* [Problem requirements]:
Without pictures, return the lines from the one containing "CARS Air Hogs" through the last line of the data below, exactly.

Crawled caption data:
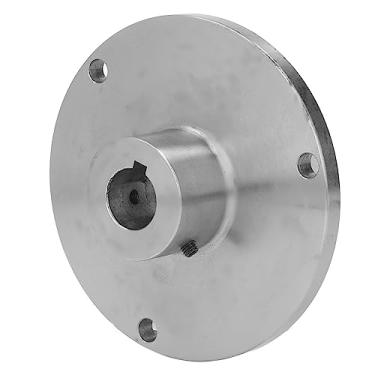 Imagem de Torno de Placa Facial de Aço de Manganês de 3 Orifícios de 130 Mm Acessório de Madeira Torno de Madeira (Domary1x80cy6bsk-15)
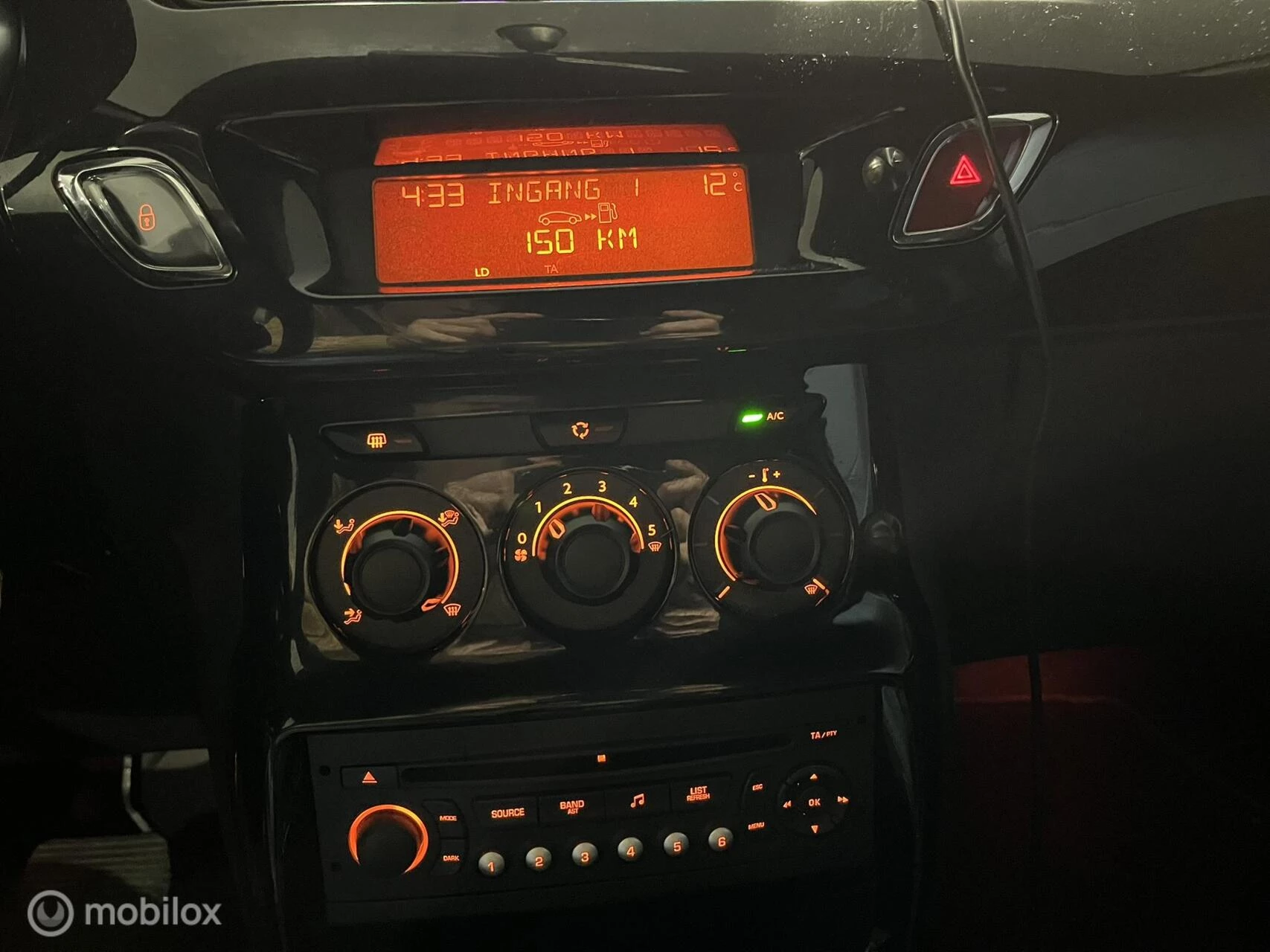 Hoofdafbeelding Citroën DS3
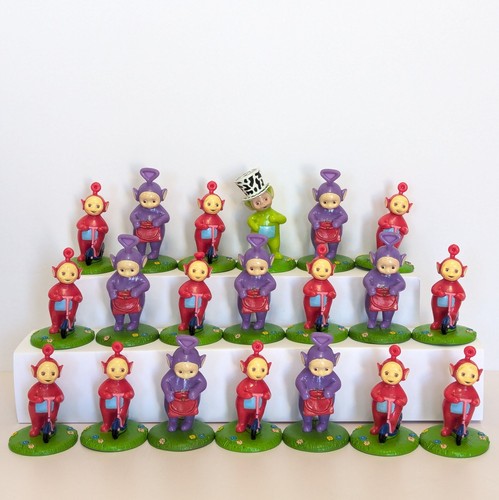 Vtg teletubbies 1998 - vtg,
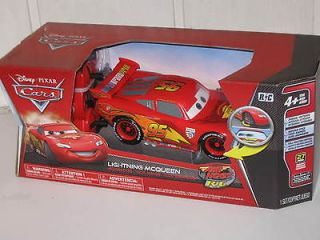 CARS Air Hogs RC Lightning McQueen 27MHZ Remote Control Car   NEW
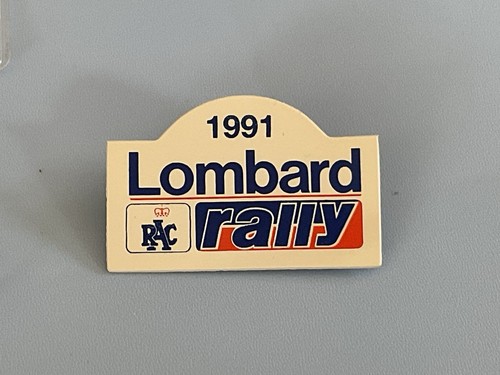 Vintage lombard rac - -, car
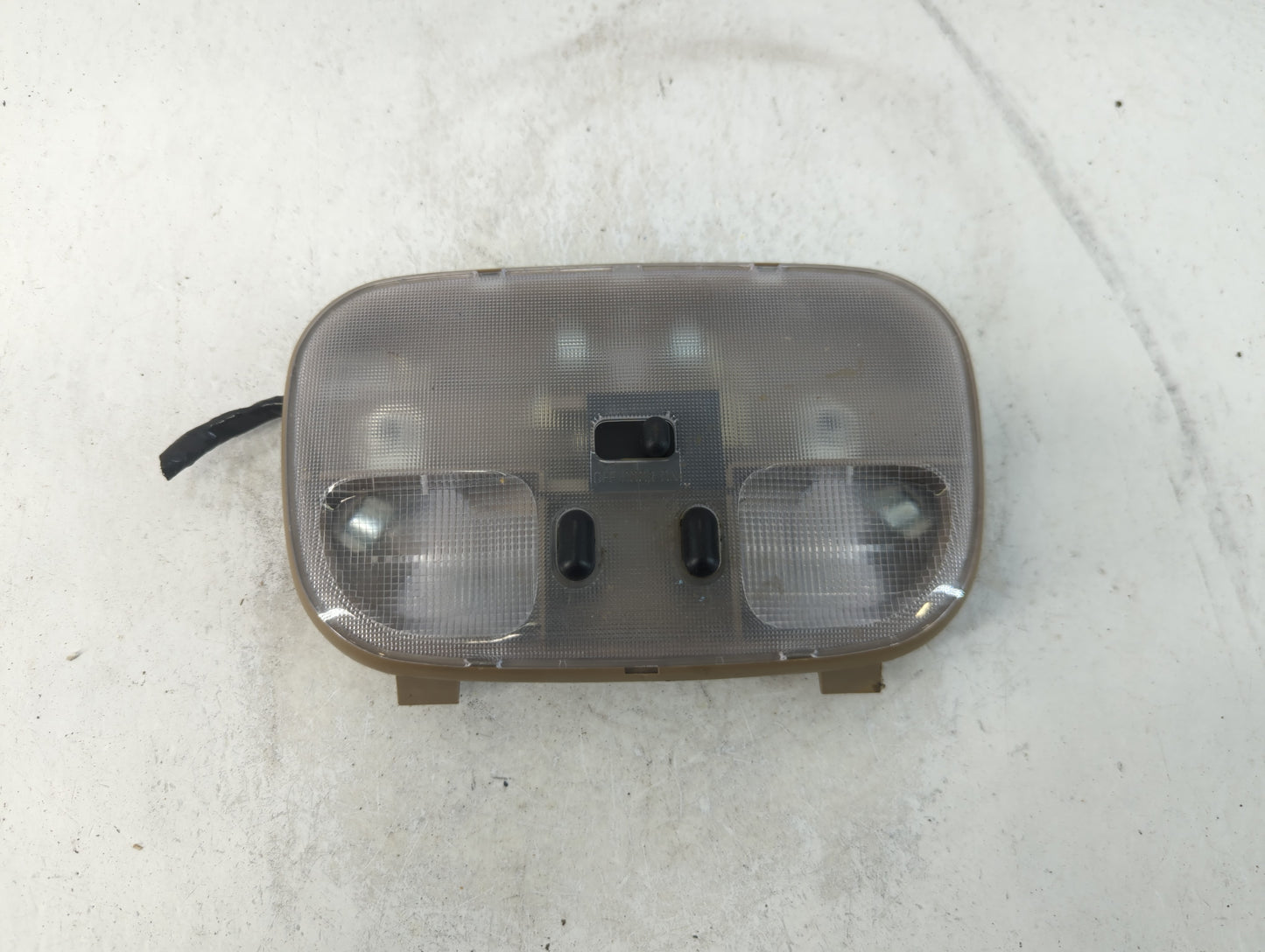 2009 Mazda Tribute Overhead Roof Console - Oemusedautoparts1.com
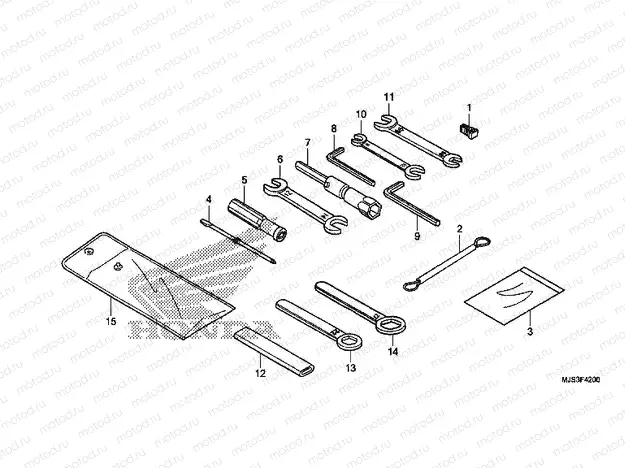 F-42 TOOL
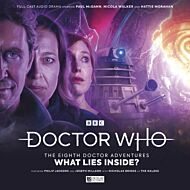 Doctor Who: The Eighth Doctor Adventures - What Lies Inside?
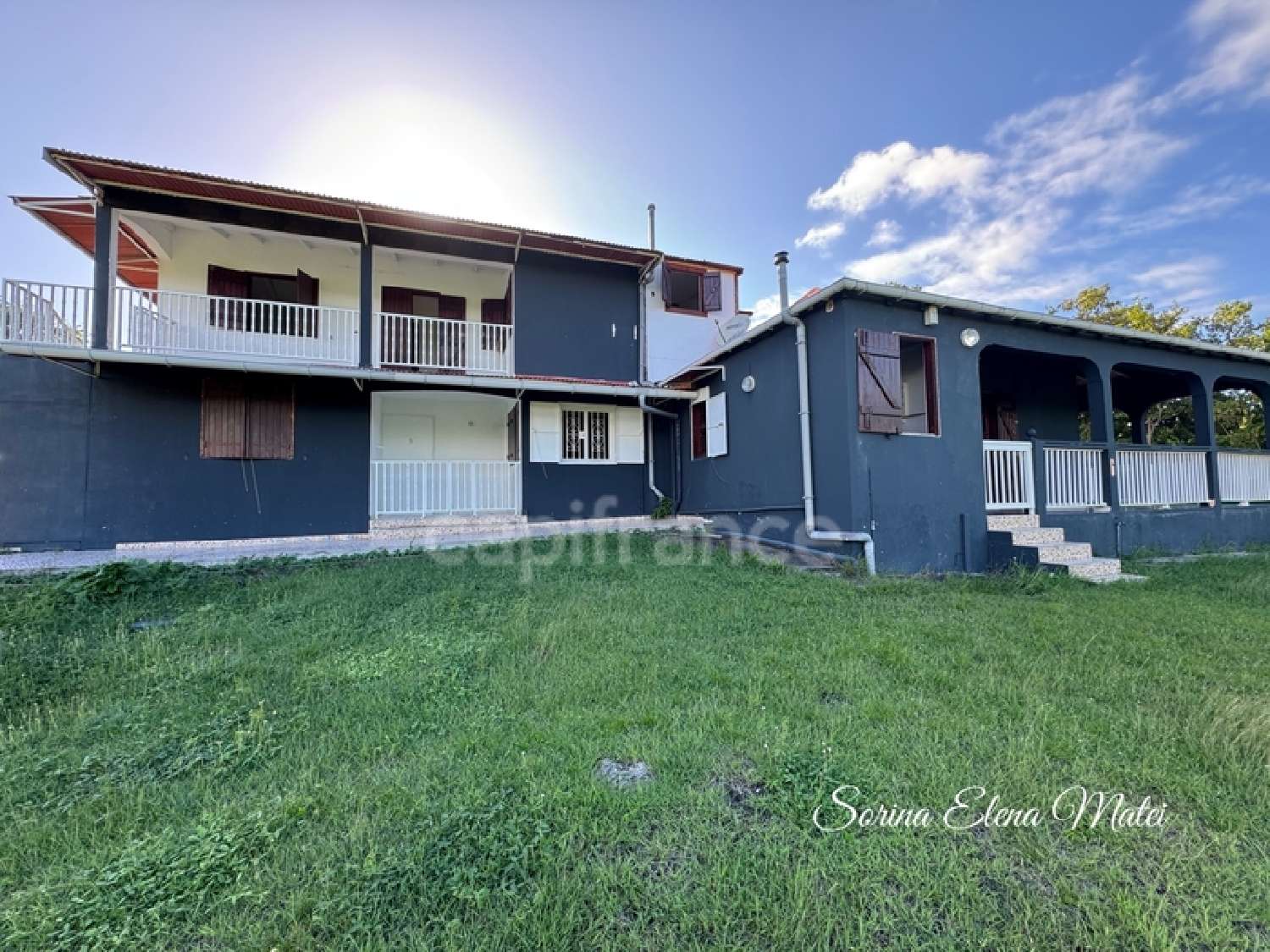  te koop huis Sainte-Anne Guadeloupe 1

* [Written answer]:
 CARS Air Hogs RC Lightning McQueen 27MHZ Remote Control Car   NEW
 Vintage lombard rac - -, car
 2009 Mazda Tribute Overhead Roof Console - Oemusedautoparts1.com
 F-42 TOOL
 Doctor Who: The Eighth Doctor Adventures - What Lies Inside?
  te koop huis Sainte-Anne Guadeloupe 1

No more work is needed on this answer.